In the first example, the son feels that his father is not an appropriate source of information on smoking because Dad is a hypocrite. The accusation of hypocrisy does not so much defeat Dad’s position as nullify it, almost as if Dad had never spoken. The same holds in the case of Gore’s airplane, although the speaker, Amy, is not the alleged hypocrite but rather Gore, the authority to which she appeals. In both cases, hypocrisy is proffered as evidence of the insincerity or incompetence of a source, providing ammunition for ignoring his or her advice or instruction.
Such ammunition is particularly potent because of the power of such personal portrayals. Once people have characterized someone in a negative light, they tend to ignore evidence to the contrary. In a 2007 study psychologists David N. Rapp of Northwestern University and Panayiota Kendeou of McGill University asked student volunteers to read 24 different stories involving a character who behaves in a way that suggests he is sloppy or lazy. Later in each story, however, the individual acts in a manner that contradicts this judgment. Nevertheless, less than half of the respondents revised their view of the character.
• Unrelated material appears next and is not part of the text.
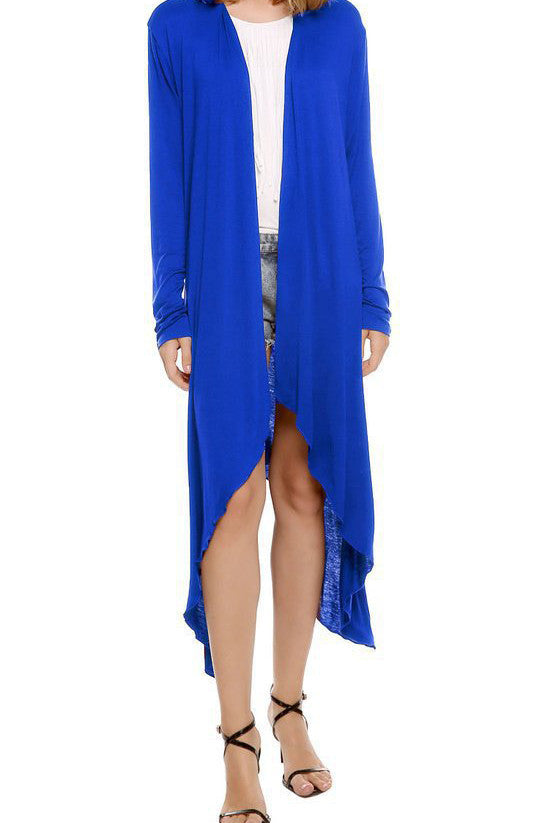 Pure Color Irregular Long Sleeves Scoop Long Cardigan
These results suggest that a first impression of someone as lazy or hypocritical actively inhibits the consideration of other information that might be important to understanding that person or the issue at hand. In the smoking and airplane examples, the son and Jim foolishly focus on the father’s and Gore’s hypocrisy rather than on the perils of smoking or the human contribution to global warming.
In fact, if the son and Jim had focused on the issues, they might have viewed the father’s and Gore’s behavior radically differently. Consider what Dad’s smoking suggests: Dad believes smoking is bad for him, yet he continues to smoke because, of course, he is addicted. So Dad’s behavior—his hypocrisy—actually supports his point that smoking is addictive. Gore’s behavior also bolsters one of his arguments for change in national energy policy: that certain ingrained aspects of the American lifestyle, such as our penchant for driving SUVs and distaste for riding city buses, lead to environmental irresponsibility—even Gore cannot escape it. (To his credit, Gore compensates for his plane trips by buying carbon offsets, which pay for projects that reduce greenhouse gas emissions.)
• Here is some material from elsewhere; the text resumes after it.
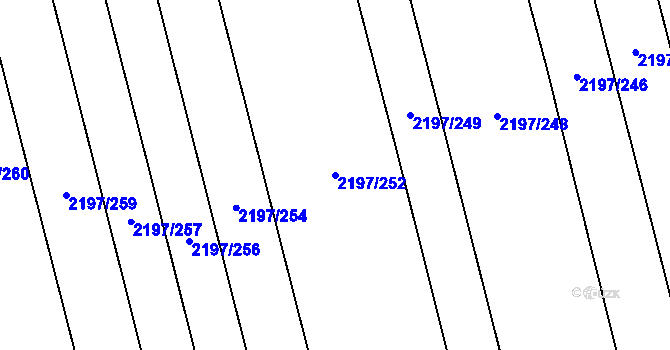 Parcela st. 2197/252 v KÚ Velká Bystřice, Katastrální mapa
Of course, hypocrisy does not always support the hypocrite’s view. Spitzer’s visits to prostitutes do nothing to reinforce his official opposition on prostitution. And in some cases, hypocrisy has precisely the significance that the son and Jim assign to it: it is reason enough to dismiss a source because the person has lost his credibility. For example, when the preacher who presents himself as a moral authority gets caught having an adulterous affair, his followers may rightly call his teachings into question.
Thus, hypocrisy is sometimes sufficient to undermine a person’s authority. It can warrant the thought, “Why pay attention to what he says?” But hypocrisy does not always have this effect, as the Dad and Gore cases show.
Whether hypocrisy is relevant to a person’s credibility usually depends on the content of the hypocrite’s statements. And yet hypocrisy charges, as they are popularly deployed, tend to short-circuit rational examination of that content. To skirt this danger, people should suppress their instinctual responses to accusations of duplicity so that they can focus on the real issues at hand. Such concentration is essential to our ability to rationally judge our leaders, colleagues and friends as well as to make decisions about important social issues that affect our lives.